Isaías 60:1,3 ¡Levántate, resplandece, porque ha venido tu luz, y la gloria de Jehová ha nacido sobre ti!… Andarán las naciones a tu luz…
Durante muchos siglos las antorchas, las velas y las lámparas, fueron los elementos que iluminaron los hogares y los templos.
Antes del descubrimiento de la electricidad, las noches de la humanidad eran muy oscuras, peligrosas e inseguras, por lo que esas llamas minúsculas y frágiles eran altamente valoradas. En el inmenso silencio de la noche, hombres y mujeres contemplaban las llamas descubriendo dentro de aquel fuego luz, vida, calor y seguridad. En los templos el fuego fue el símbolo y señal de la presencia divina, llegando, en muchos casos, al extremo de ser honrado como un “dios”.
La vela, como símbolo, habla claro: la luz que brota de ella es una llama viva que dispersa las tinieblas y da calor. La vela tiene un pabilo que saca de su interior la cera, que es su fuente de alimentación y sustento. La cera se entrega totalmente, consumiéndose en esa sublime misión de iluminar, a la vez que su llama tiene la facultad de encender otras llamas sin disminuirse.
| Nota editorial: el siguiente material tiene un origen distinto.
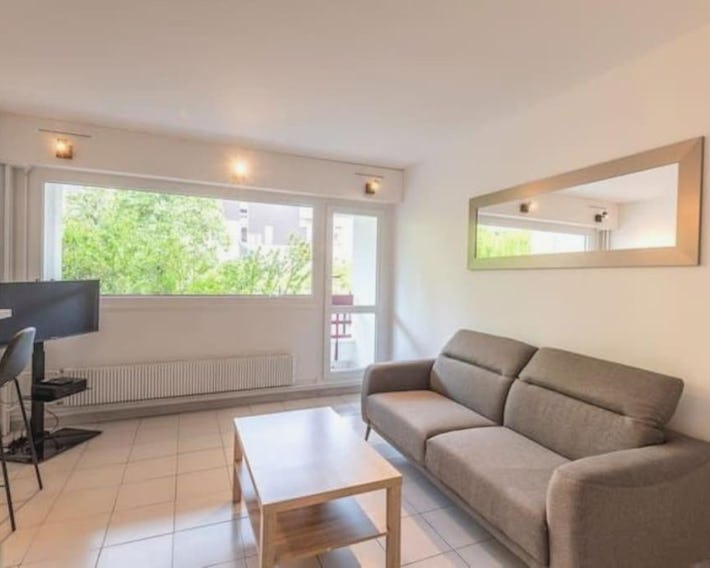 joli appartement avec balcon proximité lac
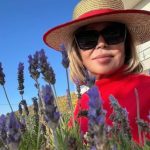 Najobrazovanija žena na estradi je jedina koja je bivšem mužu ostavila stan: Zamerili su kad je majku smestila u starački dom, a ona za porodicu daje sve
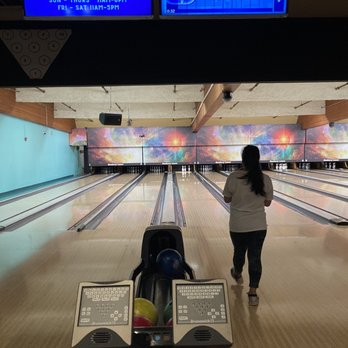 Roxy's Bowling Alley - bowling - Bowling Near Me - Seattle, Washington Roxy's Bowling Alley - bowling - Bowling Near Me - Seattle, Washington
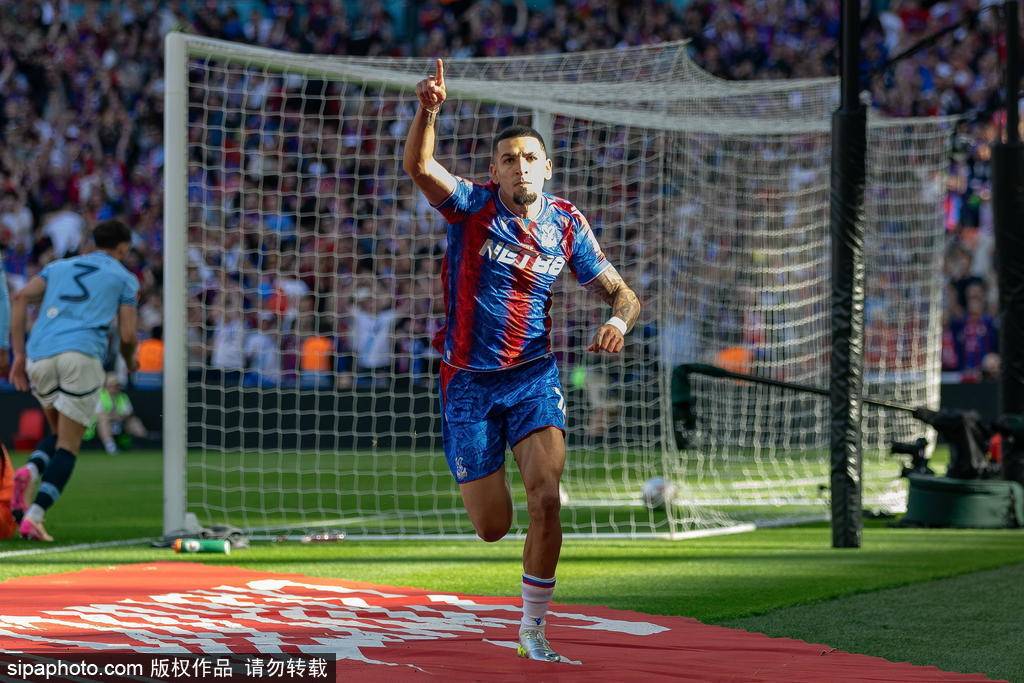 足总杯-埃泽破门马尔穆什失点 曼城0-1送水晶宫夺队史首冠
En esta época del año son comunes las luces navideñas. Las utilizamos para decorar y así demostrar el tiempo festivo que estamos viviendo y que queremos compartir con el resto del mundo. Hagamos que todas las luces que utilicemos en esta Navidad, simbolicen la única luz verdadera: la luz de Jesucristo, que vino a este mundo para disipar hasta la más profunda e impenetrable oscuridad, sacrificándose a sí mismo para rescatarnos de todos nuestros pecados.
ORACIÓN: Jesús, luz para las naciones, ven e ilumina cada rincón de nuestra existencia y danos siempre tu paz y esperanza. Jesús, luz del mundo y de mi vida, brilla en mí y a través de mí. Amén.